Thirty years ago, after the conclusion of the Second Vatican Council, Archbishop Michael Ramsey made an official visit to Pope Paul VI. That first official visit to the Holy See by an Archbishop of Canterbury since before the tragic seperation of the 16th century was to have great significance for relations between the Anglican Communion and the Catholic Church. It signaled to Catholics and Anglicans that they should, in Christian charity, put conflict behind them and work to reestablish unity. Our predecessors did not underestimate the difficulties involved. Nor did they fail to understand the urgency of the task. They declared their intention to inaugurate a serious theological dialogue, which continues today, especially through the Anglican-Roman Catholic International Commission (ARCIC).

In the years since Archbishop Ramsey's visit some of the fruits hoped for have begun to appear. There has been above all a rediscovery of the degree of real though imperfect communion which exists between Anglicans and Catholics. In many parts of the world there is a new spirit of cooperation between us: we have joined more fervently in prayer for the gift of unity; we have begun to work together, to bear witness together, whenever possible, on the basis of so much that is common in our heritage. The Final report of the first stage of our international dialogue has highlighted points of convergence and even agreement not thought possible before ARCIC began its work. The path ahead may not be altogether clear to us, but we are here to re-commit ourselves to following it.

The Commission's current study of teaching authority in the Church can be of great help in the face of new areas of disagreement which have emerged in recent years. Sadly, these difficulties seem to loom large on the way to the reconciliation which the dialogue intended to promote.
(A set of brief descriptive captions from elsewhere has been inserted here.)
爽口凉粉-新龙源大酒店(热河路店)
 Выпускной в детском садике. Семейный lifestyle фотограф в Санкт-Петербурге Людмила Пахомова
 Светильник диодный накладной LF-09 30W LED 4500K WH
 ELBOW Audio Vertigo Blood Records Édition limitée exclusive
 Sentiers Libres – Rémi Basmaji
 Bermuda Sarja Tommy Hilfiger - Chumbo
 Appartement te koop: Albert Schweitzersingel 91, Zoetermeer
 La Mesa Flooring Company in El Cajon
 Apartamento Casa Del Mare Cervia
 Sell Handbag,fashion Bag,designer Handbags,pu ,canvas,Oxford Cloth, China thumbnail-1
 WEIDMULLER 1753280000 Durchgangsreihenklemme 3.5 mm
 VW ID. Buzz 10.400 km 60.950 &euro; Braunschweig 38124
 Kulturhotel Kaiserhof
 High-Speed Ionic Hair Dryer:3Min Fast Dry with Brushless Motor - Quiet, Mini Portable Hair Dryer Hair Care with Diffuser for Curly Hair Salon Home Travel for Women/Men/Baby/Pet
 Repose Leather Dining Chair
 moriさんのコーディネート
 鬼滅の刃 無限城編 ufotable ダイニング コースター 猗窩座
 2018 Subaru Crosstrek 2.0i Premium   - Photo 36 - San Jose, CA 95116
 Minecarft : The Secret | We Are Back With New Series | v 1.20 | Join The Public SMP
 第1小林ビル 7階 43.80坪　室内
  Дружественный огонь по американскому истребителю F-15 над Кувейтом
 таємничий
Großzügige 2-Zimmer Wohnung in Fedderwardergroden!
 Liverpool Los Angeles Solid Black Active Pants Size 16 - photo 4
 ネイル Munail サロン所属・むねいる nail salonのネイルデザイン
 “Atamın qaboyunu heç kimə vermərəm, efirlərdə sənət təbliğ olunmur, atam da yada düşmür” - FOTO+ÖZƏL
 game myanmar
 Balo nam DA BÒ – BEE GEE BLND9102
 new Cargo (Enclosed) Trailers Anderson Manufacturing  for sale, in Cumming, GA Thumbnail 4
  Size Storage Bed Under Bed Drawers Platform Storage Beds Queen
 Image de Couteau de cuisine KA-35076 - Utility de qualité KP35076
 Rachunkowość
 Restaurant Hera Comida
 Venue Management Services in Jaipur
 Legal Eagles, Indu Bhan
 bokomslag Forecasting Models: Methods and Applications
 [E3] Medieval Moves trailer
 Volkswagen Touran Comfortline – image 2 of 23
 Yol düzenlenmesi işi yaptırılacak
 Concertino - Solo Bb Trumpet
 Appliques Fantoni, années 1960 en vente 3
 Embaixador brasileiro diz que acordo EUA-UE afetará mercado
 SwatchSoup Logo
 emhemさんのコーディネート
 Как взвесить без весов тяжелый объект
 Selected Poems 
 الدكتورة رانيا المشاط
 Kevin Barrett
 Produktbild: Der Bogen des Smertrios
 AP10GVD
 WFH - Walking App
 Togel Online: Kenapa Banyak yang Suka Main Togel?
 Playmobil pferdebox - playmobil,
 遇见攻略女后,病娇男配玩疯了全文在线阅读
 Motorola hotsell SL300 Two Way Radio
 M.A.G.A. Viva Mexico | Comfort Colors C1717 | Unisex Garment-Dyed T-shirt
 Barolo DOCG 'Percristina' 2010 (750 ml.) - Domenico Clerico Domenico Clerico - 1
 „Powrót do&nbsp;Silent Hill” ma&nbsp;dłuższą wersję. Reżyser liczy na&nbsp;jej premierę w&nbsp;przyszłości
My particular responsibility as the successor of Peter for the faith and unity of the Church leads me to invite my brothers and sisters of the Anglican Communion to reflect on the motives and reasons of the positions I have expressed in the exercise of my teaching office. Our shared desire to respond to the Lord's will cannot fail to lead us to a common understanding of the mind of Christ in every crucial aspect of the constitution of the Church.

The approach of a new Christian millennium, with its preparations to celebrate in a more intense way the mystery of our Savior's incarnation, constitutes a unique context for our ecumenical dialogue. In fact, the dialogue with which we are concerned is primarily "directed towards the One who, as the Redeemer of the world and the Lord of history, is himself our Reconciliation": it is the dialogue in which "Christ, the source of the Church's unity, can effectively act, with all the power of his Spirit, the Paraclete."

My brother in Christ, dear friends: may this be the subject of our prayer when we gather together again this afternoon in the Church of St. Gregory on the Caelian Hill.